Escribíamos en San Juan un periódico entre varios jóvenes; como yo era el único que no era doctor, yo era el más incapaz de escribir. Casi todo lo escribí yo, sin embargo…[15]

Difícilmente podía representar a una aristocracia del saber un sujeto tan consciente de su diferencia con aquellos a los que no les había costado mayor esfuerzo el camino del conocimiento y el ascenso en la escala social, bien claro lo dejó en su disputa con Alberdi:

Tengo treinta años de estudios pacientes, silenciosos, hechos dónde y como se aprenden las cosas que se desean aprender; y no consiento que truchimanes vayan a presentarme ante los como ellos de escoba de sus pies[16].

Por si todo lo apuntado fuera poco, sus posiciones no suelen rozar el paternalismo, al contrario, deslumbrado descubre un modelo práctico («real», podríamos decir) americano en su periplo estadounidense, bien diferente al sistema estamental que contempla con disgusto en Europa, en el que las bases de igualdad que lo sostienen se cifran en la iniciativa individual una vez que todos han tenido idénticas posibilidades de partida.
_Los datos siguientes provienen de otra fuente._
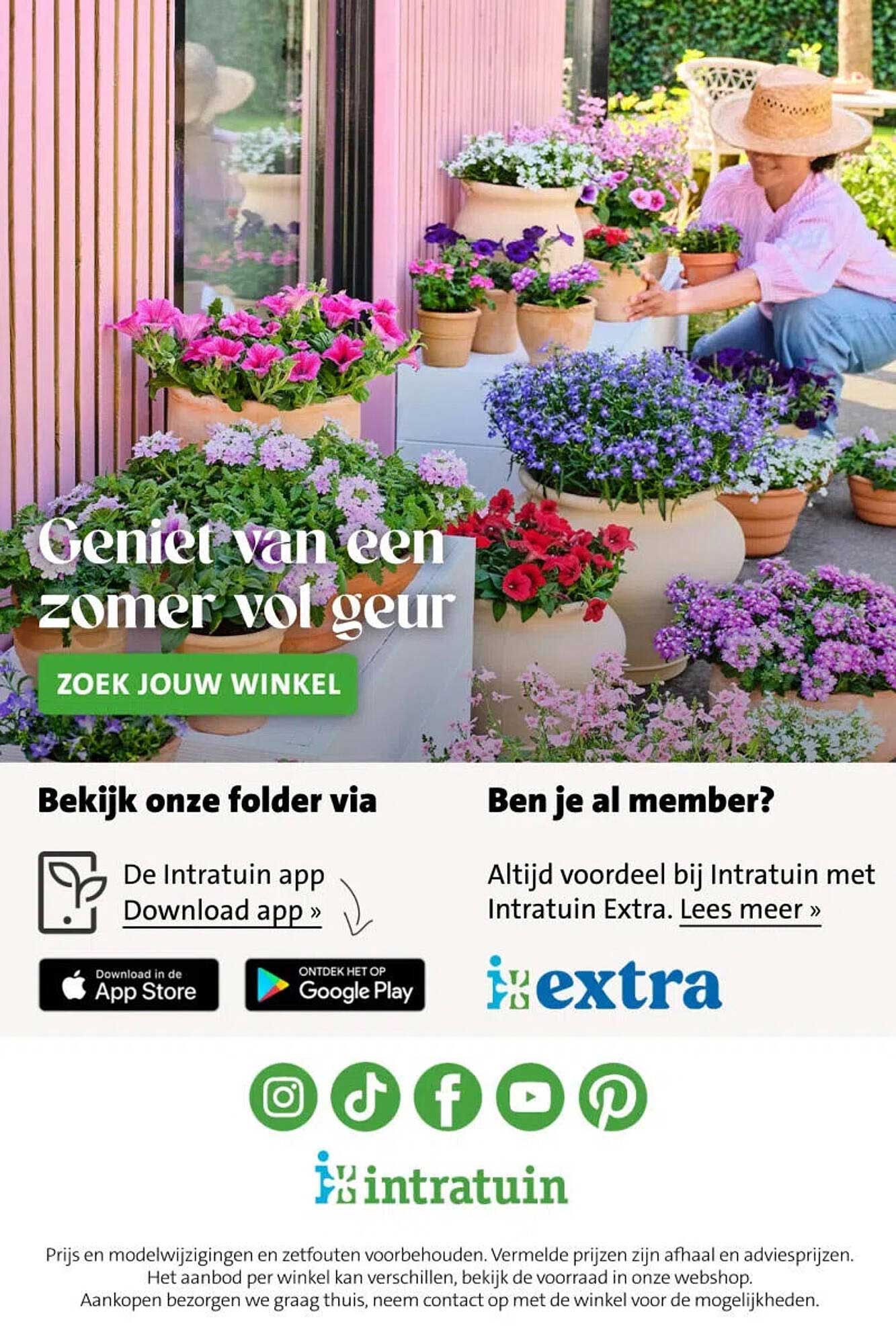Geniet van een zomer vol geur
En velar por las reglas del juego (y no por los individuos, ni por los privilegios) radicaría la responsabilidad de los gobernantes en su ideario político abiertamente liberal.
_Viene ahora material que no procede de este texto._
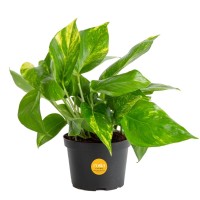 Costa Farms Golden Pothos Live Plant Easy Care Indoor House Plant In Growers Pot Potting Soil Great For Outdoor Hanging Plan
Pertrechado de su experiencia vital y de sus conocimientos librescos, con emoción y con la razón dispuesta a entender, a analizar, a aprovechar, pasea Sarmiento por un mundo que ansía conocer y poner al servicio de la población que habita en el «pedazo de tierra que me fue por la naturaleza asignado por patria»[17]. Y en todo se fija y de todo aprende y saca consecuencias y es capaz de narrarlo encontrando las anécdotas justas que fijen por escrito lo vivido y sean, a la par, animado soporte de un sistema de pensamiento. Es en esto, en «la capacidad, a pesar de la firmeza casi monomaniática de sus ideas, de dejarse maravillar por todo lo que en la realidad diversa y adversa las contradice» donde encuentra Juan José Saer[18] las cualidades que hacen de Sarmiento un escritor y de sus páginas literatura de primer orden.
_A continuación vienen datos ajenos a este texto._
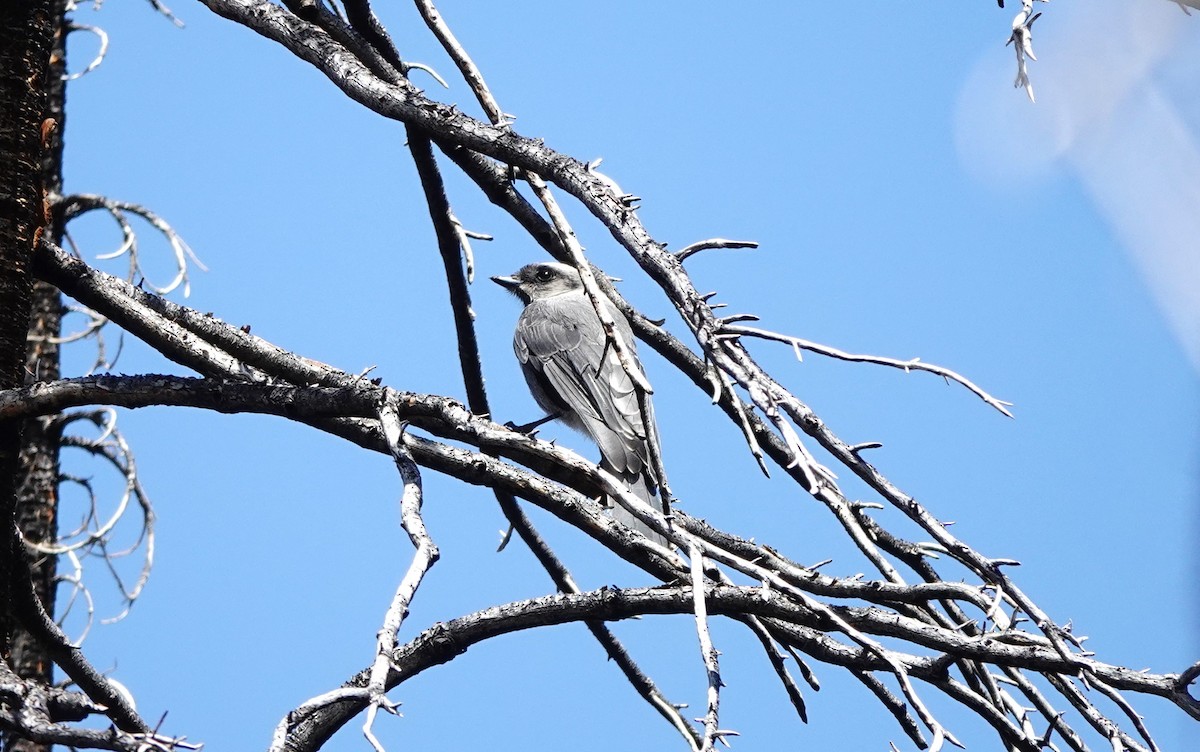 Canada Jay - ML638260066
El hombre que siendo Presidente de la República pronunciaba la impagable frase «hemos decretado la abolición de la pampa»[19] era un individuo convencido de las posibilidades de construir una nación próspera a base de poblar y distribuir la tierra en manos emprendedoras, no alguien ajeno a la belleza del paisaje natural. Minuciosamente describe, en multitud de ocasiones, la emoción que le provoca contemplar el mar, las montañas, los valles o la misma llanura argentina:

Acampamos a poco, la noche sobrevino y saboreé hasta tarde el espectáculo nocturno de la Pampa, silenciosa no obstante sus quince mil huéspedes, iluminada en mis alrededores por los fuegos ordenados de los vivaques, incandescentes a lo lejos por el incendio que abrasaba a trechos el horizonte. Los olores de la vegetación silvestre humedecida por el rocío, el grito de algunos pájaros acuáticos, no sé qué armonías del silencio, aquella extensión infinita, dan a la Pampa, contemplada de noche, cierta majestad solemne, que seduce, atrae, impone miedo y causa melancolía. El espectáculo era nuevo para mi, y lo he gozado muchas veces sin saciarme, sin hacérseme vulgar, variado por accidentes que no valen nada y que le daban sin embargo, nuevo interés y mayor encanto[20].

Sin embargo no se le escapaba que la inmensidad de la tierra inculta no favorecería el provenir de la población, y mucho menos los hábitos de indolencia o sumisión que el desierto había engendrado, o, peor todavía, las ambiciones espurias de la minoría que perpetuaba ese estado de cosas desde el pasado virreinal. La escritura fue un arma, bien consciente fue de ello Sarmiento, en su lucha contra el espacio agreste, en la proyección de la ruta hacia el progreso:

¡A caballo, en la orilla del Paraná, viendo desplegarse ante mis ojos en ondulaciones suaves pero infinitas hasta perderse en el horizonte, la Pampa que había descrito en el Facundo, sentida, por intuición, pues la veía por la primera vez en mi vida! Paréme un rato a contemplarla, me hubiera quitado el quepí para hacerla el saludo de respeto si no fuera necesario primero conquistarla, someterla a la punta de la espada, esta Pampa rebelde, que hace cuarenta años lanza jinetes a desmoronar, bajo el pie de sus caballos, las instituciones civilizadas de las ciudades. Echéme a correr sobre ella, como quien toma posesión y dominio, y llegué en breve al campamento del coronel Basavilbaso, a orientarme y pedir órdenes para el desembarco de mi parque de tipos, tinta y papel para hacer jugar la palabra[21].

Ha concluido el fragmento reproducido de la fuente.